State and federal versions of this bill became an issue earlier this decade because of "induced labor abortion." This is usually performed on a baby with Down's Syndrome or another problem discovered on the cusp of viability. A doctor medicates the mother to cause premature labor. Babies surviving labor are left untreated to die.
Jill Stanek, who was a nurse at Christ Hospital in Oak Lawn, Ill., testified in the U.S. Congress in 2000 and 2001 about how "induced labor abortions" were handled at her hospital.
"One night," she said in testimony entered into the Congressional Record, "a nursing co-worker was taking an aborted Down's Syndrome baby who was born alive to our Soiled Utility Room because his parents did not want to hold him, and she did not have the time to hold him. I couldn't bear the thought of this suffering child lying alone in a Soiled Utility Room, so I cradled and rocked him for the 45 minutes that he lived."
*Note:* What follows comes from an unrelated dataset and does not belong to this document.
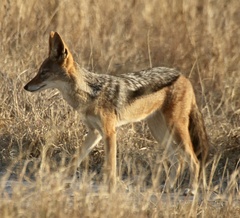 Lupulella mesomelas mesomelas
In 2001, Illinois state Sen. Patrick O'Malley introduced three bills to help such babies. One required a second physician to be present at the abortion to determine if a surviving baby was viable. Another gave the parents or a public guardian the right to sue to protect the baby's rights. A third, almost identical to the federal Born Alive Infant Protection Act President Bush signed in 2002, simply said a "homo sapiens" wholly emerged from his mother with a "beating heart, pulsation of the umbilical cord or definite movement of voluntary muscles" should be treated as a "'person,' 'human being,' 'child' and 'individual.'"
Stanek testified about these bills in the Illinois Senate Judiciary Committee, where Obama served. She told me this week he was "unfazed" by her story of holding the baby who survived an induced labor abortion.
On the Illinois Senate floor, Obama was the only senator to speak against the baby-protecting bills. He voted "present" on each, effectively the same as a "no."
"Number one," said Obama, explaining his reluctance to protect born infants, "whenever we define a pre-viable fetus as a person that is protected by the Equal Protection Clause or the other elements in the Constitution, what we're really saying is, in fact, that they are persons that are entitled to the kinds of protections that would be provided to a -- a child, a 9-month old -- child that was delivered to term. That determination then, essentially, if it was accepted by a court, would forbid abortions to take place. I mean, it -- it would essentially bar abortions, because the Equal Protection Clause does not allow somebody to kill a child, and if this is a child, then this would be an anti-abortion statute."
That June, the U.S. Senate voted 98-0 in favor of the Born Alive Infants Protection Act (although it failed to become law that year). Pro-abortion Democrats supported it because this language was added: "Nothing in this section shall be construed to affirm, deny, expand or contract any legal status or legal right applicable to any member of the species homo sapiens at any point prior to being born alive as defined in this section."
Democratic Sen. Barbara Boxer explained that with this language the "amendment certainly does not attack Roe v. Wade."
On July 18, 2002, Democratic Sen. Harry Reid called for the bill to be approved by unanimous consent. It was.
That same year, the Illinois version of the bill came up again. Obama voted "no."
In 2003, Democrats took control of the Illinois Senate. Obama became chairman of the Health and Human Services committee. The Born Alive Infant bill, now sponsored by Sen. Richard Winkel, was referred to this committee. Winkel also sponsored an amendment to make the Illinois bill identical to the federal law, adding -- word for word -- the language Barbara Boxer said protected Roe v. Wade. Obama still held the bill hostage in his committee, never calling a vote so it could be sent to the full senate.
A year later, when Republican U.S. senate candidate Alan Keyes challenged Obama in a debate for his opposition to the Born Alive Infant Bill, Obama said: "At the federal level there was a similar bill that passed because it had an amendment saying this does not encroach on Roe v. Wade. I would have voted for that bill."
In fact, Obama had personally killed exactly that bill.